An acceptable answer contains every record below, unchanged, and no pictures.

### INFORMATION GIVEN
++++++++++
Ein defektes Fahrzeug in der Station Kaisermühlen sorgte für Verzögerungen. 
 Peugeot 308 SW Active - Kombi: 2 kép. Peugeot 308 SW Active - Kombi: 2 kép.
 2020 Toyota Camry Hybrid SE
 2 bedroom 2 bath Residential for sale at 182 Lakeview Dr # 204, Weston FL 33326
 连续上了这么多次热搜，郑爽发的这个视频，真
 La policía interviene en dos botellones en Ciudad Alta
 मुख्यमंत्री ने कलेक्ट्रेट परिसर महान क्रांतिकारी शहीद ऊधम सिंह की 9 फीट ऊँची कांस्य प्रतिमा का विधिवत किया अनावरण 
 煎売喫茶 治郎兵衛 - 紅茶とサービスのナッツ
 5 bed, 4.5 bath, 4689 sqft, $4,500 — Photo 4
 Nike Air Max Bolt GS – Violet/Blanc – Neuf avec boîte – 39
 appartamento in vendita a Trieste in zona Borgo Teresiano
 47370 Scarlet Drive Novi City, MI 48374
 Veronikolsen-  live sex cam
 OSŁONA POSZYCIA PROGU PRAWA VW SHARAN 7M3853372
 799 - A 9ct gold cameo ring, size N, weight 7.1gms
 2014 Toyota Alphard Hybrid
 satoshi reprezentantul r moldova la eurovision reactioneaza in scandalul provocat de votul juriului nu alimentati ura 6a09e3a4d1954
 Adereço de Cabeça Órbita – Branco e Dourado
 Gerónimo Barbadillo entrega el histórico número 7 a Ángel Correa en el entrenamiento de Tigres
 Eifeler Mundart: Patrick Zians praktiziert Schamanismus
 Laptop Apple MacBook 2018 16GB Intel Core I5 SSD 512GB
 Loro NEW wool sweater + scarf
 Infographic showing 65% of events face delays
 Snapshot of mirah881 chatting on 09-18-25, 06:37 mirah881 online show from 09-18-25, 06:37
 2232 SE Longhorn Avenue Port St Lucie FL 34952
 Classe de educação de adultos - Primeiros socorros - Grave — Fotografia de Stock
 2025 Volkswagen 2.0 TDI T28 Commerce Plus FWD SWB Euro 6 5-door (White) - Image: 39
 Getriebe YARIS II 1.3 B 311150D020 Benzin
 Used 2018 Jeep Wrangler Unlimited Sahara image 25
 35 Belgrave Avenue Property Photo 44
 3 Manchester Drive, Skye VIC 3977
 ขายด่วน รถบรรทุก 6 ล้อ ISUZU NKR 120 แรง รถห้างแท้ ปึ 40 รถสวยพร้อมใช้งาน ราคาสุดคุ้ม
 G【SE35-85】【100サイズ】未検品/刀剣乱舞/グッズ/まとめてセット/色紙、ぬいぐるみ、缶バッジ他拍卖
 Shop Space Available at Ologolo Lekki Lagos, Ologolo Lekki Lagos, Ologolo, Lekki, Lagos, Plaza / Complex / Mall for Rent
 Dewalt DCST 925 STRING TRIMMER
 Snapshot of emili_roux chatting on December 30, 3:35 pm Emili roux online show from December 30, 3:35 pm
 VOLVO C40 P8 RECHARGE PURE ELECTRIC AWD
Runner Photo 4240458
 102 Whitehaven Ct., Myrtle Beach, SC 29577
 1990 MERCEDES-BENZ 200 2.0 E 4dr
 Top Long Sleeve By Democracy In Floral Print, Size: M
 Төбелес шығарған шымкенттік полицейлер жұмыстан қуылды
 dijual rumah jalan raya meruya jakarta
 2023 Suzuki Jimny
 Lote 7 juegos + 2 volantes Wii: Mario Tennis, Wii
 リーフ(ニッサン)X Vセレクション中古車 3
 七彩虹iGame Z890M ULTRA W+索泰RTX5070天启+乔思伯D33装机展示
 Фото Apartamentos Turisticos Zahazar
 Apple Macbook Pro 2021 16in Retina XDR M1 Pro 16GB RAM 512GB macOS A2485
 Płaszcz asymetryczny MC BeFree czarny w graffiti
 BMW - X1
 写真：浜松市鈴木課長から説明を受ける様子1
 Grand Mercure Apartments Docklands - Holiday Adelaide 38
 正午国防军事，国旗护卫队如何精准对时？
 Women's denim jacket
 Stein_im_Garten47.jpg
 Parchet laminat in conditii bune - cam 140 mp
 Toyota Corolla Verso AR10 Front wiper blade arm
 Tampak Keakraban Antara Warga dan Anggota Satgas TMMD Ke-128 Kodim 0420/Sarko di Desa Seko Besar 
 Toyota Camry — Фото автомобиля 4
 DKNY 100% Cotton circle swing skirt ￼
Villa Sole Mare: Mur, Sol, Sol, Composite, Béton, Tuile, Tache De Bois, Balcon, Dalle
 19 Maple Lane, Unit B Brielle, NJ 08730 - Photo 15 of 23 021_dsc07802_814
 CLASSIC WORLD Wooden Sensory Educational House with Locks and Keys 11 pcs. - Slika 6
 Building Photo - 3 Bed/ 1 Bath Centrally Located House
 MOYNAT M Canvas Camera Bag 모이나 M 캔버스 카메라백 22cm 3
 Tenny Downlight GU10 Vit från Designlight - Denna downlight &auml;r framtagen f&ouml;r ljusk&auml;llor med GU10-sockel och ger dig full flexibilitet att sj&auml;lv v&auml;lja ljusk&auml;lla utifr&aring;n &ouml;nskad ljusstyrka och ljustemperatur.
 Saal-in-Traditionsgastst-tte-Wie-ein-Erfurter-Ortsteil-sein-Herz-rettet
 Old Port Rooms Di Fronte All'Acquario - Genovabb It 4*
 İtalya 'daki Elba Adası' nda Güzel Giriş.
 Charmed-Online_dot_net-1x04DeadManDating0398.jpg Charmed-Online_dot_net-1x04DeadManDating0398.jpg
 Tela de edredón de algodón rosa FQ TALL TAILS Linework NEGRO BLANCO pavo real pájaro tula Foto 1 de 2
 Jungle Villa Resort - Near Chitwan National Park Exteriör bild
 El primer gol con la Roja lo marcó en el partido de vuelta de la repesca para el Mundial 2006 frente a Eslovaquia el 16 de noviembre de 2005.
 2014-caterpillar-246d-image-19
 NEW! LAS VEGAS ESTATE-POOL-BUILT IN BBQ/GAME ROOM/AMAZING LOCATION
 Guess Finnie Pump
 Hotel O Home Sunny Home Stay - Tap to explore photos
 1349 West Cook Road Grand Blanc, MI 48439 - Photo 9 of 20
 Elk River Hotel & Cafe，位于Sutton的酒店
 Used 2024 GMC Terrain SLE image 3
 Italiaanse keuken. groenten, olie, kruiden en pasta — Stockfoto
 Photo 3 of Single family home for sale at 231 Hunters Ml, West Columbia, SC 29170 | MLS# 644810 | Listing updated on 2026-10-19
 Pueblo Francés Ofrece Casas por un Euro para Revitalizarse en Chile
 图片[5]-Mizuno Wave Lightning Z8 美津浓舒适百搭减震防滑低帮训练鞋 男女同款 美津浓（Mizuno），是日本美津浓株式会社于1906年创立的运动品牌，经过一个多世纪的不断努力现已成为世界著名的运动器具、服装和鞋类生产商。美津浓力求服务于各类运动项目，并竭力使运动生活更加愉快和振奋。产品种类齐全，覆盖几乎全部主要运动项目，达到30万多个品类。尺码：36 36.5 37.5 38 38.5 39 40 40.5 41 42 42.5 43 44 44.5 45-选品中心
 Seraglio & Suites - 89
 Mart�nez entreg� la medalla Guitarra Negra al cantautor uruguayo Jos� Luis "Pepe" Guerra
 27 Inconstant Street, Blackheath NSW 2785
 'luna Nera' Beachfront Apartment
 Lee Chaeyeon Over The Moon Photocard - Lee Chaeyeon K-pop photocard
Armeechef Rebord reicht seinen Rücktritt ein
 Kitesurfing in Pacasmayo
++++++++++
### OUTPUT OF THE TASK
Ein defektes Fahrzeug in der Station Kaisermühlen sorgte für Verzögerungen. 
 Peugeot 308 SW Active - Kombi: 2 kép. Peugeot 308 SW Active - Kombi: 2 kép.
 2020 Toyota Camry Hybrid SE
 2 bedroom 2 bath Residential for sale at 182 Lakeview Dr # 204, Weston FL 33326
 连续上了这么多次热搜，郑爽发的这个视频，真
 La policía interviene en dos botellones en Ciudad Alta
 मुख्यमंत्री ने कलेक्ट्रेट परिसर महान क्रांतिकारी शहीद ऊधम सिंह की 9 फीट ऊँची कांस्य प्रतिमा का विधिवत किया अनावरण 
 煎売喫茶 治郎兵衛 - 紅茶とサービスのナッツ
 5 bed, 4.5 bath, 4689 sqft, $4,500 — Photo 4
 Nike Air Max Bolt GS – Violet/Blanc – Neuf avec boîte – 39
 appartamento in vendita a Trieste in zona Borgo Teresiano
 47370 Scarlet Drive Novi City, MI 48374
 Veronikolsen-  live sex cam
 OSŁONA POSZYCIA PROGU PRAWA VW SHARAN 7M3853372
 799 - A 9ct gold cameo ring, size N, weight 7.1gms
 2014 Toyota Alphard Hybrid
 satoshi reprezentantul r moldova la eurovision reactioneaza in scandalul provocat de votul juriului nu alimentati ura 6a09e3a4d1954
 Adereço de Cabeça Órbita – Branco e Dourado
 Gerónimo Barbadillo entrega el histórico número 7 a Ángel Correa en el entrenamiento de Tigres
 Eifeler Mundart: Patrick Zians praktiziert Schamanismus
 Laptop Apple MacBook 2018 16GB Intel Core I5 SSD 512GB
 Loro NEW wool sweater + scarf
 Infographic showing 65% of events face delays
 Snapshot of mirah881 chatting on 09-18-25, 06:37 mirah881 online show from 09-18-25, 06:37
 2232 SE Longhorn Avenue Port St Lucie FL 34952
 Classe de educação de adultos - Primeiros socorros - Grave — Fotografia de Stock
 2025 Volkswagen 2.0 TDI T28 Commerce Plus FWD SWB Euro 6 5-door (White) - Image: 39
 Getriebe YARIS II 1.3 B 311150D020 Benzin
 Used 2018 Jeep Wrangler Unlimited Sahara image 25
 35 Belgrave Avenue Property Photo 44
 3 Manchester Drive, Skye VIC 3977
 ขายด่วน รถบรรทุก 6 ล้อ ISUZU NKR 120 แรง รถห้างแท้ ปึ 40 รถสวยพร้อมใช้งาน ราคาสุดคุ้ม
 G【SE35-85】【100サイズ】未検品/刀剣乱舞/グッズ/まとめてセット/色紙、ぬいぐるみ、缶バッジ他拍卖
 Shop Space Available at Ologolo Lekki Lagos, Ologolo Lekki Lagos, Ologolo, Lekki, Lagos, Plaza / Complex / Mall for Rent
 Dewalt DCST 925 STRING TRIMMER
 Snapshot of emili_roux chatting on December 30, 3:35 pm Emili roux online show from December 30, 3:35 pm
 VOLVO C40 P8 RECHARGE PURE ELECTRIC AWD
Runner Photo 4240458
 102 Whitehaven Ct., Myrtle Beach, SC 29577
 1990 MERCEDES-BENZ 200 2.0 E 4dr
 Top Long Sleeve By Democracy In Floral Print, Size: M
 Төбелес шығарған шымкенттік полицейлер жұмыстан қуылды
 dijual rumah jalan raya meruya jakarta
 2023 Suzuki Jimny
 Lote 7 juegos + 2 volantes Wii: Mario Tennis, Wii
 リーフ(ニッサン)X Vセレクション中古車 3
 七彩虹iGame Z890M ULTRA W+索泰RTX5070天启+乔思伯D33装机展示
 Фото Apartamentos Turisticos Zahazar
 Apple Macbook Pro 2021 16in Retina XDR M1 Pro 16GB RAM 512GB macOS A2485
 Płaszcz asymetryczny MC BeFree czarny w graffiti
 BMW - X1
 写真：浜松市鈴木課長から説明を受ける様子1
 Grand Mercure Apartments Docklands - Holiday Adelaide 38
 正午国防军事，国旗护卫队如何精准对时？
 Women's denim jacket
 Stein_im_Garten47.jpg
 Parchet laminat in conditii bune - cam 140 mp
 Toyota Corolla Verso AR10 Front wiper blade arm
 Tampak Keakraban Antara Warga dan Anggota Satgas TMMD Ke-128 Kodim 0420/Sarko di Desa Seko Besar 
 Toyota Camry — Фото автомобиля 4
 DKNY 100% Cotton circle swing skirt 
Villa Sole Mare: Mur, Sol, Sol, Composite, Béton, Tuile, Tache De Bois, Balcon, Dalle
 19 Maple Lane, Unit B Brielle, NJ 08730 - Photo 15 of 23 021_dsc07802_814
 CLASSIC WORLD Wooden Sensory Educational House with Locks and Keys 11 pcs. - Slika 6
 Building Photo - 3 Bed/ 1 Bath Centrally Located House
 MOYNAT M Canvas Camera Bag 모이나 M 캔버스 카메라백 22cm 3
 Tenny Downlight GU10 Vit från Designlight - Denna downlight &auml;r framtagen f&ouml;r ljusk&auml;llor med GU10-sockel och ger dig full flexibilitet att sj&auml;lv v&auml;lja ljusk&auml;lla utifr&aring;n &ouml;nskad ljusstyrka och ljustemperatur.
 Saal-in-Traditionsgastst-tte-Wie-ein-Erfurter-Ortsteil-sein-Herz-rettet
 Old Port Rooms Di Fronte All'Acquario - Genovabb It 4*
 İtalya 'daki Elba Adası' nda Güzel Giriş.
 Charmed-Online_dot_net-1x04DeadManDating0398.jpg Charmed-Online_dot_net-1x04DeadManDating0398.jpg
 Tela de edredón de algodón rosa FQ TALL TAILS Linework NEGRO BLANCO pavo real pájaro tula Foto 1 de 2
 Jungle Villa Resort - Near Chitwan National Park Exteriör bild
 El primer gol con la Roja lo marcó en el partido de vuelta de la repesca para el Mundial 2006 frente a Eslovaquia el 16 de noviembre de 2005.
 2014-caterpillar-246d-image-19
 NEW! LAS VEGAS ESTATE-POOL-BUILT IN BBQ/GAME ROOM/AMAZING LOCATION
 Guess Finnie Pump
 Hotel O Home Sunny Home Stay - Tap to explore photos
 1349 West Cook Road Grand Blanc, MI 48439 - Photo 9 of 20
 Elk River Hotel & Cafe，位于Sutton的酒店
 Used 2024 GMC Terrain SLE image 3
 Italiaanse keuken. groenten, olie, kruiden en pasta — Stockfoto
 Photo 3 of Single family home for sale at 231 Hunters Ml, West Columbia, SC 29170 | MLS# 644810 | Listing updated on 2026-10-19
 Pueblo Francés Ofrece Casas por un Euro para Revitalizarse en Chile
 图片[5]-Mizuno Wave Lightning Z8 美津浓舒适百搭减震防滑低帮训练鞋 男女同款 美津浓（Mizuno），是日本美津浓株式会社于1906年创立的运动品牌，经过一个多世纪的不断努力现已成为世界著名的运动器具、服装和鞋类生产商。美津浓力求服务于各类运动项目，并竭力使运动生活更加愉快和振奋。产品种类齐全，覆盖几乎全部主要运动项目，达到30万多个品类。尺码：36 36.5 37.5 38 38.5 39 40 40.5 41 42 42.5 43 44 44.5 45-选品中心
 Seraglio & Suites - 89
 Mart�nez entreg� la medalla Guitarra Negra al cantautor uruguayo Jos� Luis "Pepe" Guerra
 27 Inconstant Street, Blackheath NSW 2785
 'luna Nera' Beachfront Apartment
 Lee Chaeyeon Over The Moon Photocard - Lee Chaeyeon K-pop photocard
Armeechef Rebord reicht seinen Rücktritt ein
 Kitesurfing in Pacasmayo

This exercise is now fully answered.